### Stored dataset items:
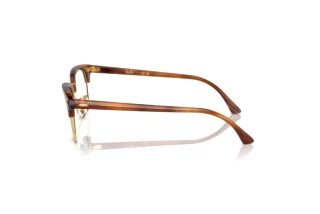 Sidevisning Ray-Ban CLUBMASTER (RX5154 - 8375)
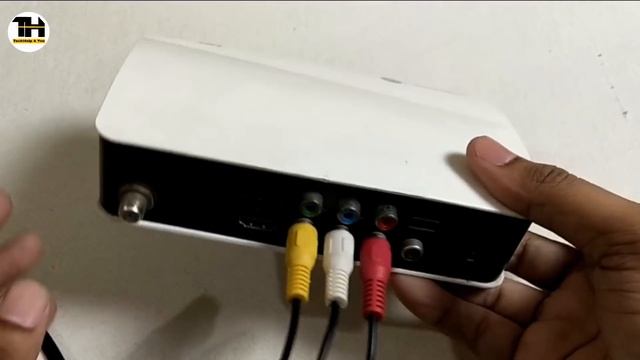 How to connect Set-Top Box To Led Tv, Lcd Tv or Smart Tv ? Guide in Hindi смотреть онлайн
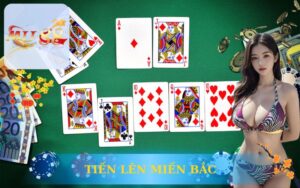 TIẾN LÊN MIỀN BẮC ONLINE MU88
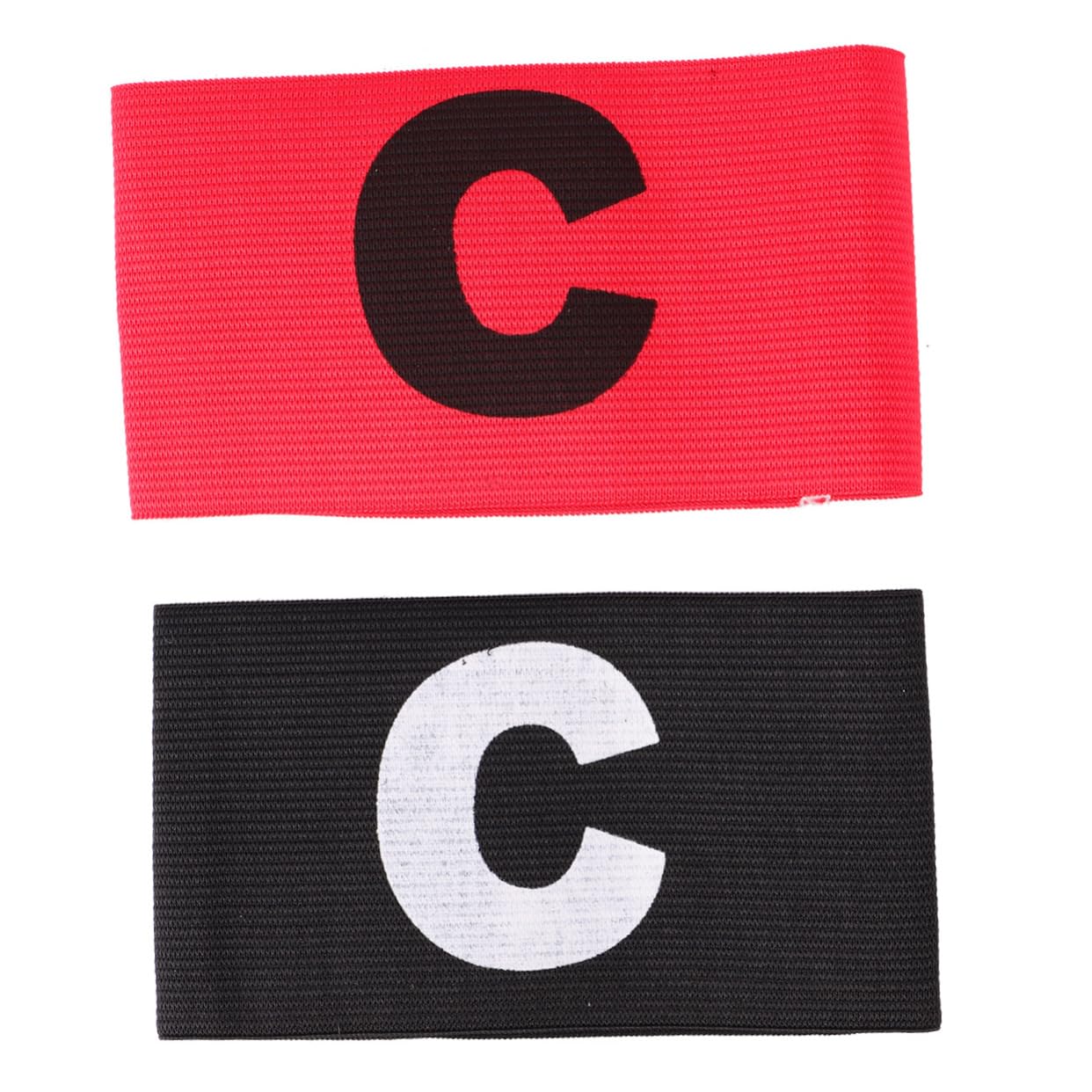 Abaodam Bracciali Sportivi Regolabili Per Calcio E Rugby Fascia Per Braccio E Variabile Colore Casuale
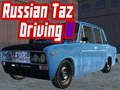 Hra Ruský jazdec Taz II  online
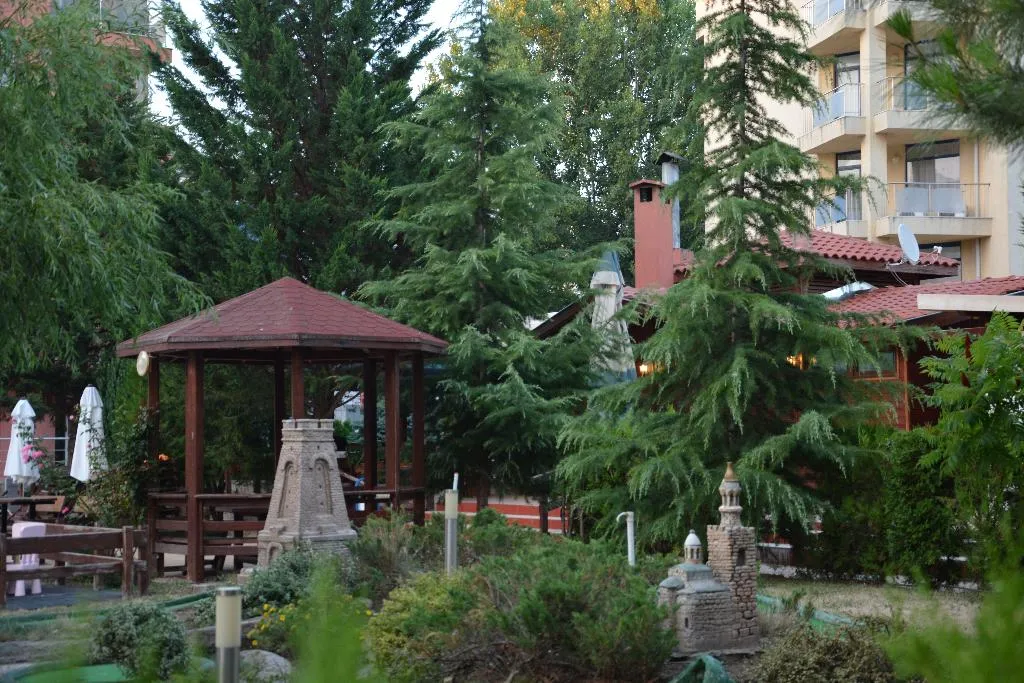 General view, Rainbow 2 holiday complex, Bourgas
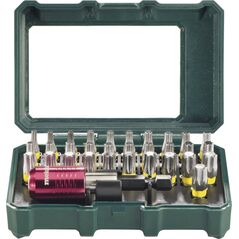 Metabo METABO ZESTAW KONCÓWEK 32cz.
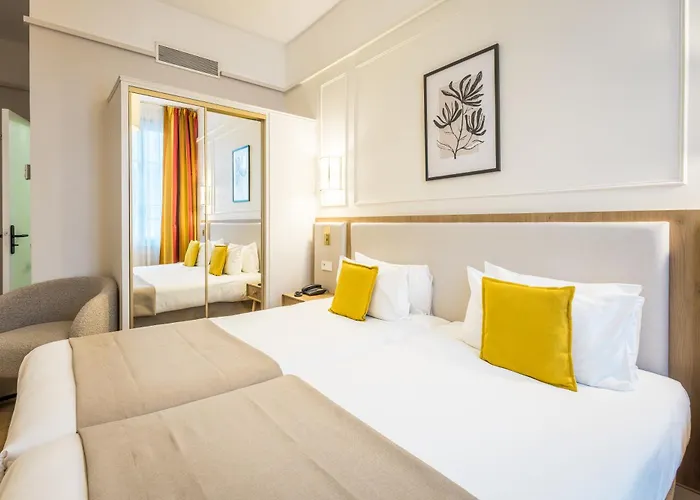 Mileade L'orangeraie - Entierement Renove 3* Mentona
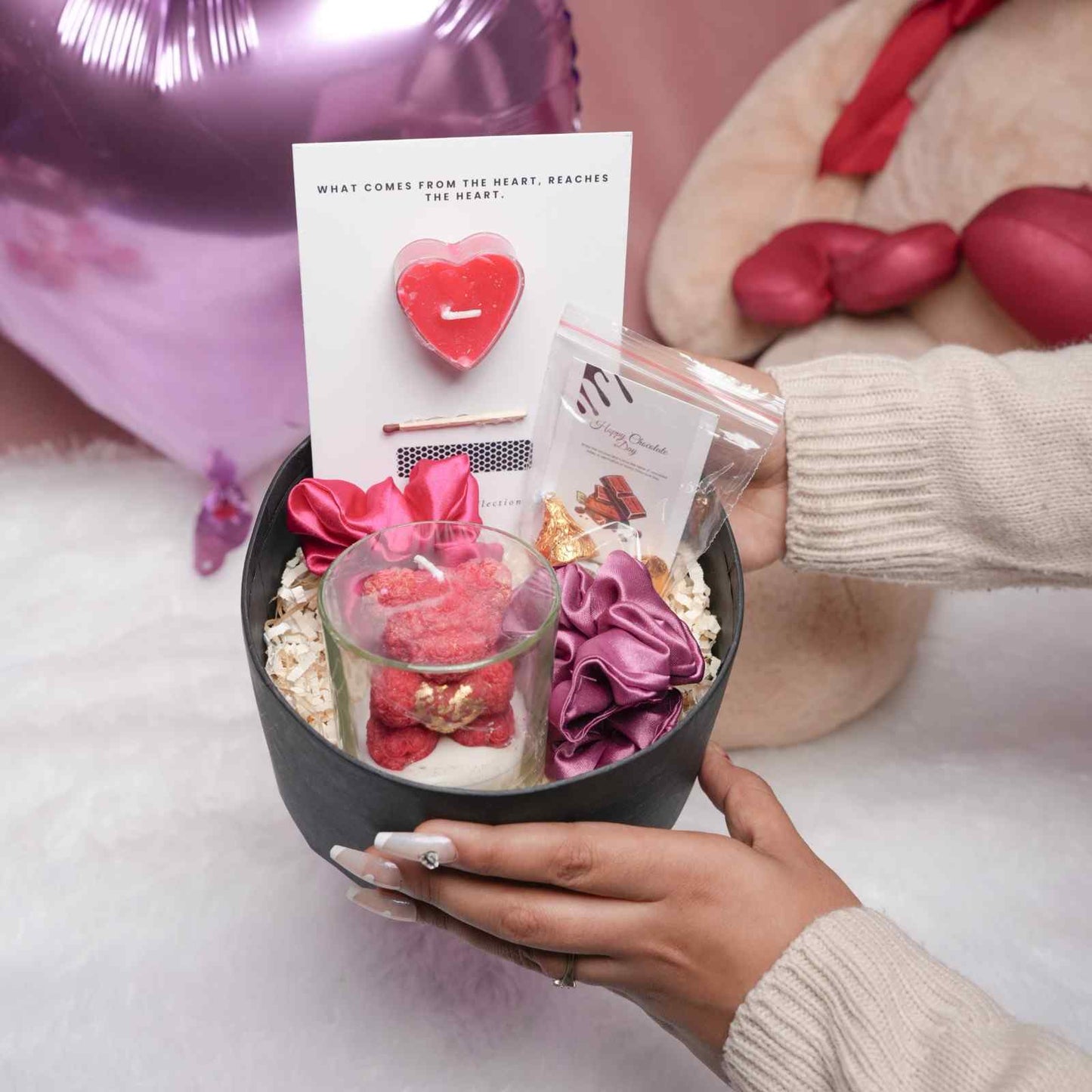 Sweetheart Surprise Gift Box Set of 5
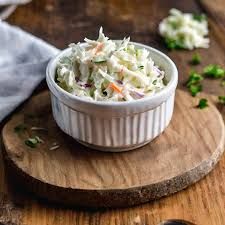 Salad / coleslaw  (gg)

### ABOUT THIS TASK:
From the line containing "General view, Rainbow" down to the end of the data above, reproduce each line exactly; no pictures.

### THE ANSWER:
 General view, Rainbow 2 holiday complex, Bourgas
 Metabo METABO ZESTAW KONCÓWEK 32cz.
 Mileade L'orangeraie - Entierement Renove 3* Mentona
 Sweetheart Surprise Gift Box Set of 5
 Salad / coleslaw  (gg)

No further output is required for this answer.